::: INFORMATION SHOWN :::

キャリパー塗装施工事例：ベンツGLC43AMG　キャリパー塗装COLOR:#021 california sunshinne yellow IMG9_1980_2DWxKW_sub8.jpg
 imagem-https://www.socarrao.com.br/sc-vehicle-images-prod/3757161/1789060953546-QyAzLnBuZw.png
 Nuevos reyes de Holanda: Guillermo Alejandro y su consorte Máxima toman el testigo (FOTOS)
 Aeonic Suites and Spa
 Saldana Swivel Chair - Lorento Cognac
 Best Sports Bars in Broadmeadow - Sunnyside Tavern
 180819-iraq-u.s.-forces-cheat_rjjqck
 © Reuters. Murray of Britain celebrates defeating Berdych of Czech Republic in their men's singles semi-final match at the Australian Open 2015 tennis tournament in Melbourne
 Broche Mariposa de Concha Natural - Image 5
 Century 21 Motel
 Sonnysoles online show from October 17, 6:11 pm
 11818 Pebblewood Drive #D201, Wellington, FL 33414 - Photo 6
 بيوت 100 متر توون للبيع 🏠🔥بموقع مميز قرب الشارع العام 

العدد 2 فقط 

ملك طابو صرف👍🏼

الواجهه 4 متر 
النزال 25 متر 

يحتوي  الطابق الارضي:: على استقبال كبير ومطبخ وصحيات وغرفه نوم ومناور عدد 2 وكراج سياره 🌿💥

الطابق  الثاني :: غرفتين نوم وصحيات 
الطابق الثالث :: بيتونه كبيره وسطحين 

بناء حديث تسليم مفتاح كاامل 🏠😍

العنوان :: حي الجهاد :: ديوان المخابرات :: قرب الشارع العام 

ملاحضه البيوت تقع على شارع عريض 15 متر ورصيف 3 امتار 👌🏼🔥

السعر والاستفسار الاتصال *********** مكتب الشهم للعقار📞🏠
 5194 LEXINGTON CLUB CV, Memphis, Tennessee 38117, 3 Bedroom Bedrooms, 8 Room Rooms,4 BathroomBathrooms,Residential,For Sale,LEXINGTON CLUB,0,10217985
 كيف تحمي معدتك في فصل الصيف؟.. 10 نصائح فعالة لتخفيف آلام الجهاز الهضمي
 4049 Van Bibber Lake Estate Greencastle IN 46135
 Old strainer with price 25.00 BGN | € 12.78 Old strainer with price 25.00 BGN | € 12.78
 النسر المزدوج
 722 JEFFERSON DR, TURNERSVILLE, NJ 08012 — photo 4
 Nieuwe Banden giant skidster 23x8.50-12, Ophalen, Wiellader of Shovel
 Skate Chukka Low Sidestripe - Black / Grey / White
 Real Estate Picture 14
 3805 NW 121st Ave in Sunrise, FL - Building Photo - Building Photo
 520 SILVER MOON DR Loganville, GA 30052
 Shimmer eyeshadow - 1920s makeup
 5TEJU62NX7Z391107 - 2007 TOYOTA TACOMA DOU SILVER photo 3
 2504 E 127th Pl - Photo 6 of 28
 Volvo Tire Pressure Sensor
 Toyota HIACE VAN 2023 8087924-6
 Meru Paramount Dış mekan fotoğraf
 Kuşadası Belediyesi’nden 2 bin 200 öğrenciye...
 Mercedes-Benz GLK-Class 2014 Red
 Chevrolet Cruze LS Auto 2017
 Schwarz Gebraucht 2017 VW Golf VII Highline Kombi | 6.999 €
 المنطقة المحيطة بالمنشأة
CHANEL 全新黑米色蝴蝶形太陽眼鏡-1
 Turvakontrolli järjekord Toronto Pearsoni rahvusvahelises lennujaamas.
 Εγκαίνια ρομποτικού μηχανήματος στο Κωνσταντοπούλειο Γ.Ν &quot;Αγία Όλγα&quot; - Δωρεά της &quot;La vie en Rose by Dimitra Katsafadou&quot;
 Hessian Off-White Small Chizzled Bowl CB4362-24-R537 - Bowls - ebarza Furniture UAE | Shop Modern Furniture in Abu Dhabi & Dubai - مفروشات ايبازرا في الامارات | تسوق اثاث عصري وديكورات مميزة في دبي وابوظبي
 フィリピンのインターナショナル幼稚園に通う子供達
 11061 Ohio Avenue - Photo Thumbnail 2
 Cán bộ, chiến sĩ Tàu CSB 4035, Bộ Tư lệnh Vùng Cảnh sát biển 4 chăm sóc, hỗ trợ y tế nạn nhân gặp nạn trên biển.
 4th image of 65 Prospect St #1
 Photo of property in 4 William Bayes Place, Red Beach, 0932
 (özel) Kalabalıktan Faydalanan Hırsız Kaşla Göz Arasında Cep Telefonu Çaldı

:::

Reproduce the lines of the entries above from the one with "النسر المزدوج" to the one with "Shimmer eyeshadow - 1920s makeup", both included, exactly and without any other line.

 النسر المزدوج
 722 JEFFERSON DR, TURNERSVILLE, NJ 08012 — photo 4
 Nieuwe Banden giant skidster 23x8.50-12, Ophalen, Wiellader of Shovel
 Skate Chukka Low Sidestripe - Black / Grey / White
 Real Estate Picture 14
 3805 NW 121st Ave in Sunrise, FL - Building Photo - Building Photo
 520 SILVER MOON DR Loganville, GA 30052
 Shimmer eyeshadow - 1920s makeup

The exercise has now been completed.